Initié par un missionnaire à une visite hors du temps, le narrateur se plaît à multiplier les approches, non pas spatiales, mais
temporelles. Les grands empereurs se côtoient et apparaissent au fur et à mesure, en fonction des sites: à l'occasion du culte
avec immolation aux esprits du Ciel et de la Terre, lors d'une chasse au tigre, ou encore à l'occasion de funérailles. Le lieu
devient prétexte à évocation et à visualisation d'événements dont on ne sait s'ils sont réels ou imaginaires par un esprit
particulièrement sensible à la magie du site. Le fil conducteur de ce voyage est bien l'idée d'éternité que l'on retrouve accolée
au nom même de la capitale, comme si, défiant les lois humaines, les morts et les vivants n'en finissaient pas de se connaître et
d'échanger leurs existences.
Chaque pierre raconte une histoire ou plus précisément exhale l'image et les gestes de ceux qui ont vécu et souffert pour faire
de Huê la sublime capitale d'un pays féerique. L'ouvrage fait le choix de la subjectivité: si quelques chiffres et quelques dates
sont avancées, ils restent toujours au service de l'imaginaire qui s'empare des ruines et manifeste leur inestimable histoire. De
l'enceinte de sept mètres de haut et de dix kilomètres de long, des quatre kilomètres carrés de superficie, des milliers
d'habitants, des palais, temples, esplanades, laboratoires, universités, canaux ou rizières presque rien n'est dit. L'étude
minutieuse, archéologique, n'est pas le souci majeur de ce livre.
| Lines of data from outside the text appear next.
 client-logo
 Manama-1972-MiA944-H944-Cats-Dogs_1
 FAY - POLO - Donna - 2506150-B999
L'approche n'est donc pas froide et objective, mais fondamentalement humaine et riche d'émotions. Les photographies et leurs
teintes travaillées viennent souligner cette approche. Tendre camaïeu de demi-teintes, douce lumière qui vient caresser la
patine des murs, végétation généreuse: l'impalpable se donne à voir. Les illustrations sont retouchées par de délicates
aquarelles et les clichés noir et blanc sont tirés en sépia ou en noir bleuté. Ce parti pris rehausse encore le charme un peu
désuet des textes, lui conférant l'aspect suranné des créations humaines qui échappent à l'emprise du temps.
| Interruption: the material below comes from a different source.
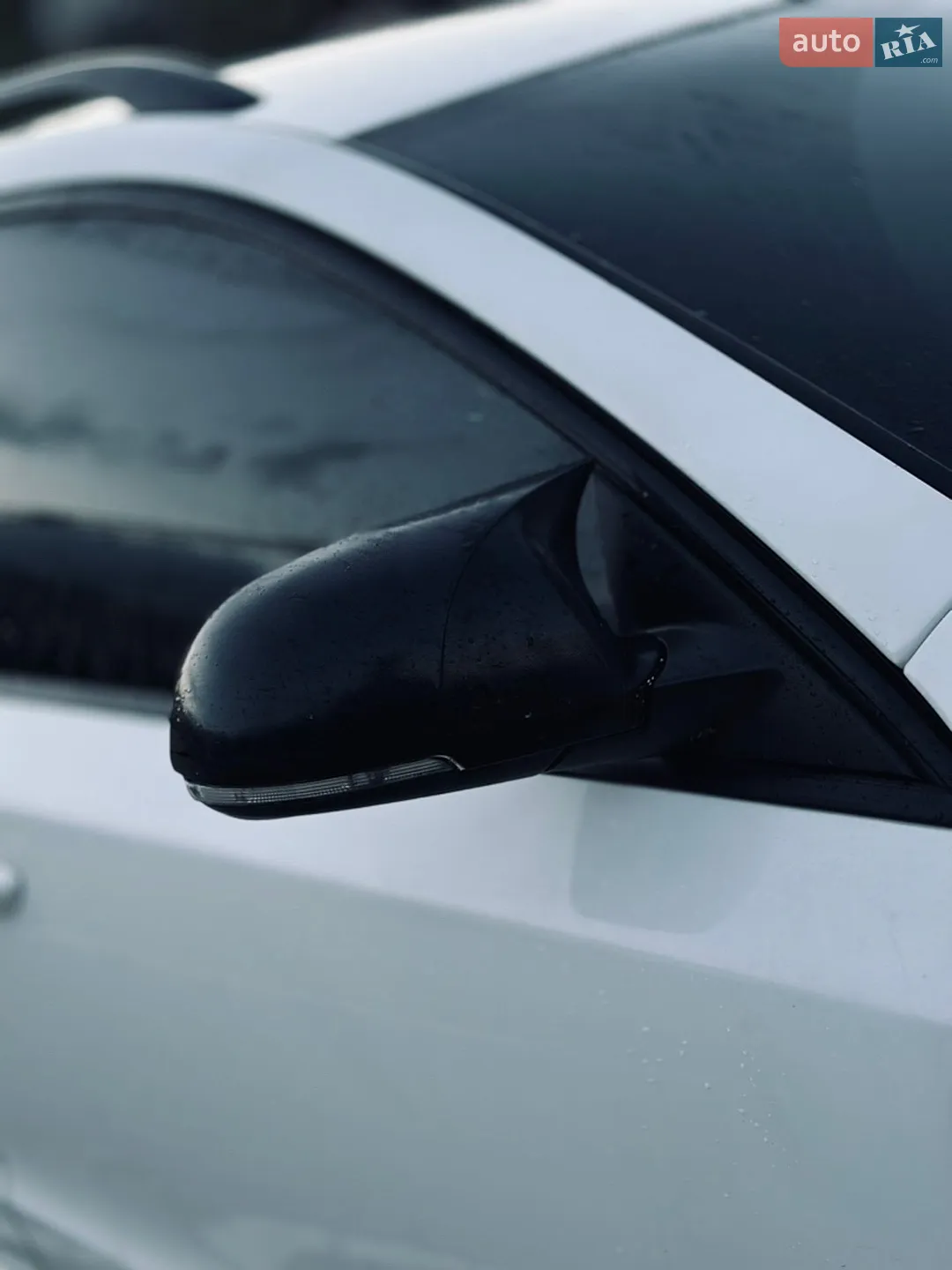 2011 Skoda Superb - мініатюра 10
La cité impériale, les sépultures des empereurs et la ville elle-même sont ainsi présentées dans un mouvement qui restitue petit
à petit l'exubérance humaine à la désertion des ruines. On notera toutefois que les dernières pages présentent de manière très
précise les lieux et dynasties évoquées, le tout souligné par des plans référencés. Sans doute s'agit-il là d'une concession
accordée à tous ceux qui restent sensibles à une approche plus rationnelle des lieux. "Annam, Huê l'éternelle" permet donc de
vagabonder dans un site qui porte en son coeur l'atmosphère surnaturelle et artistique de ceux qui l'ont érigé. Malgré les
multiples outrages des hommes et de la forêt qui reconquiert patiemment ce qui lui a été extorqué, la cité se livre avec toute sa
puissance et sa grandeur.
Le parti pris est touchant et original: rares sont les ouvrages qui se permettent ainsi de se détourner de l'approche
quasi-médicale des livres traitant des grandeurs enfouies de l'histoire de l'humanité. L'audace du propos est assurée par le
parcours de l'auteur: Michel Tauriac, grand connaisseur du Viêt-nam, qu'il considère comme sa seconde patrie, et par la
spécialisation du photographe, Renaud Marchand, dans l'iconographie des sites classés patrimoine mondial par l'Unesco. Leur
alliance est à la hauteur de leur ambition. Tout concourt à faire de cet ouvrage une présentation hors du commun où esthétique,
imaginaire et histoire s'enchevêtrent. Un livre d'une force et d'une présence remarquables, témoignage émouvant d'un art de
vivre qui ne veut pas mourir.
Par Véronique Godfroy - Paru.com, le 15 Octobre 2000.